A few years ago, my mom emailed these pictures of me sitting on Santa’s lap.
Apparently the enormous chair with pom-pom fringe was a big part of the 1970’s era Santa.
Also, nice all-denim ensemble I’m wearing, complete with rollers in my hair. Something tells me this was an unplanned Santa visit.
However, this next trip was clearly orchestrated because why else would I be wearing my festive harvest gold tights with my harvest gold turtleneck and denim jumper?
This next Santa was a long way from the fancy throne at the mall. I have vague memories of walking into a double-wide trailer parked outside the Bealls store.
I think the imitation wood paneling really says it all.
And speaking of imitation, it’s a sad day when Santa can’t even afford a real fireplace.

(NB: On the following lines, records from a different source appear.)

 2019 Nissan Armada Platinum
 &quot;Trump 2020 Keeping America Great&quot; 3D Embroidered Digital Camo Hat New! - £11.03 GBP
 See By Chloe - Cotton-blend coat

Dang. That is one ghetto Santa set up.
I asked my mom to send a few more pictures last night because I was feeling a little nostalgic. A few hours later, she emailed several to me. She couldn’t remember how to work her scanner so she had my stepdad take pictures of the pictures with his digital camera.
You can hardly tell.
Oh look. This was a big Christmas for me. It was the year Santa brought me my very own curling brush.

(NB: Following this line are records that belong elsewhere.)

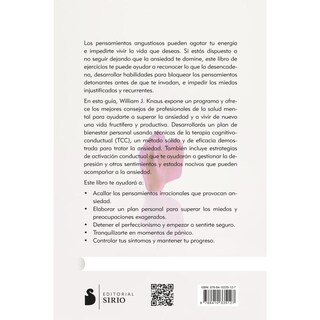 Foto 2 | Manual Cognitivo Conductual Para La Ansiedad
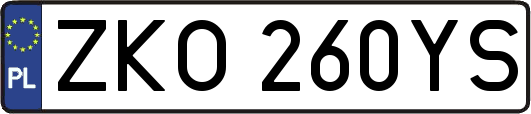 ZKO260YS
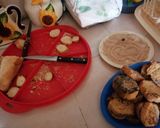 Foto del paso 4 de la receta: Pan francés sabor a plátano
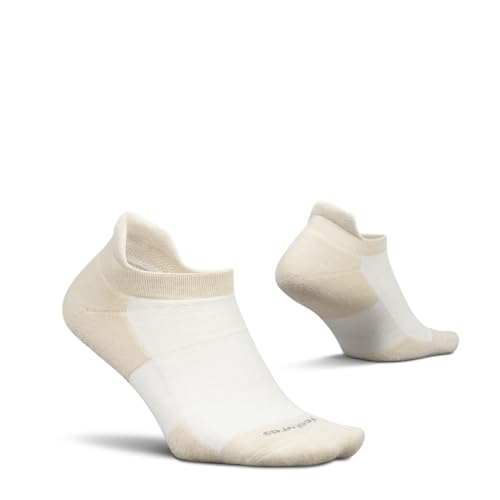 Image of Feetures High Performance Max Cushion Ankle Sock - Tab Socks for Women & Men with Heel Tab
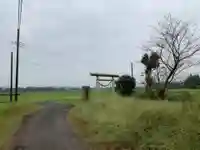 神明神社の景色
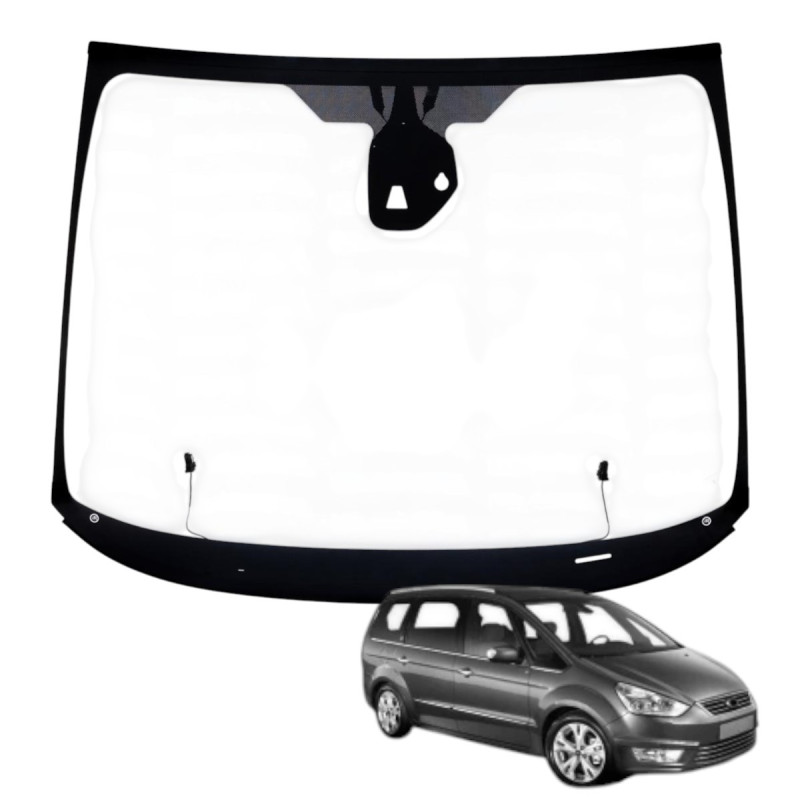 SZYBA CZOŁOWA FORD GALAXY 2013-SOLAR KAMERA GRZANA CZUJNIK OE 1821611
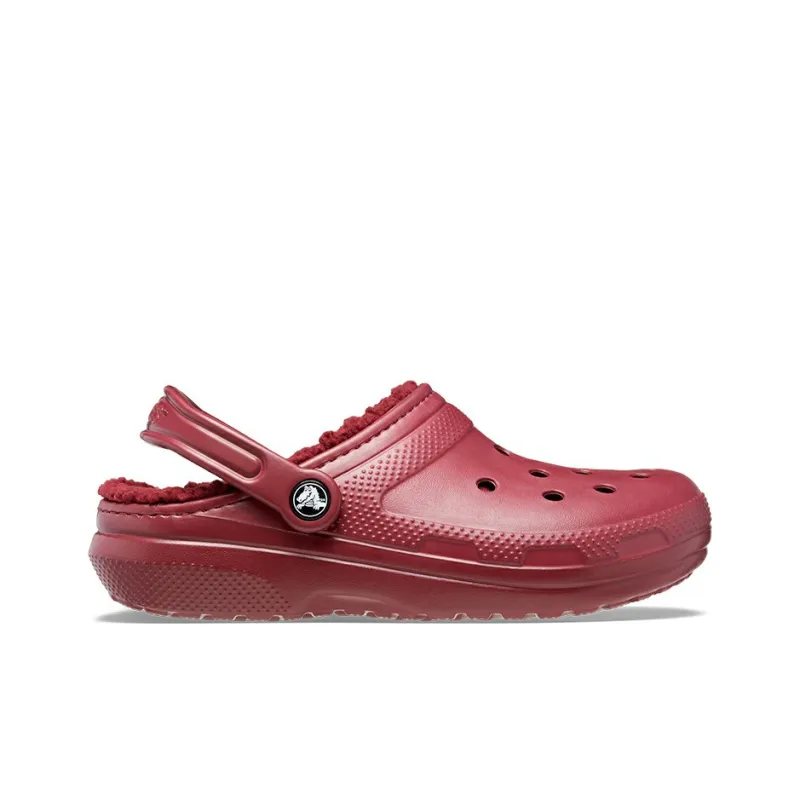 Crocs Beach Sandals Unisex Garnet Red-1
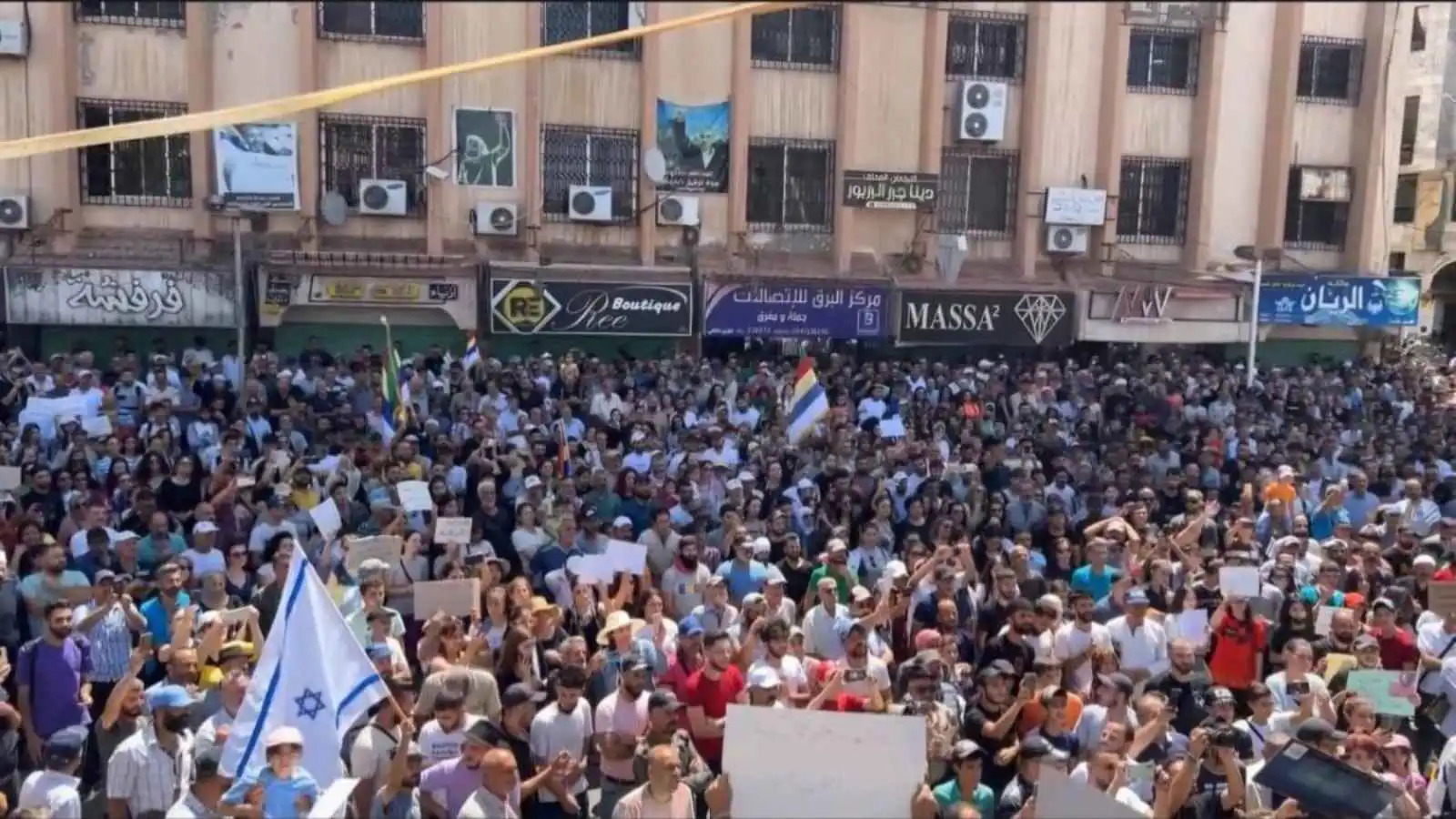 "طلاق دروز".. رسالة خطيرة من قلب السويداء إلى دمشق (فيديو)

It was the beginning of my quest for big hair.
And here I am in 1988.
It would appear that I finally mastered the technique for maximum hair volume.

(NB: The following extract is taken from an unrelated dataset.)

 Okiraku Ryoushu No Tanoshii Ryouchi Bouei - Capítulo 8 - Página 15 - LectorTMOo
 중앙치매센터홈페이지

I also cannot express how much I loved that outfit. It had a green jacket that went on top of that purple shirt and I believe I even had some purple flats to bring it all together.
Merry Christmas indeed.
Anyway, none of this really has any point other than to force you to take a walk down memory lane with me.
And to serve as a procrastination device before I force myself into the kitchen to bake untold amounts of holiday goods.
And to help me forget that this is in my backyard right now.
I’m afraid the reindeer won’t land for fear they’re being hunted.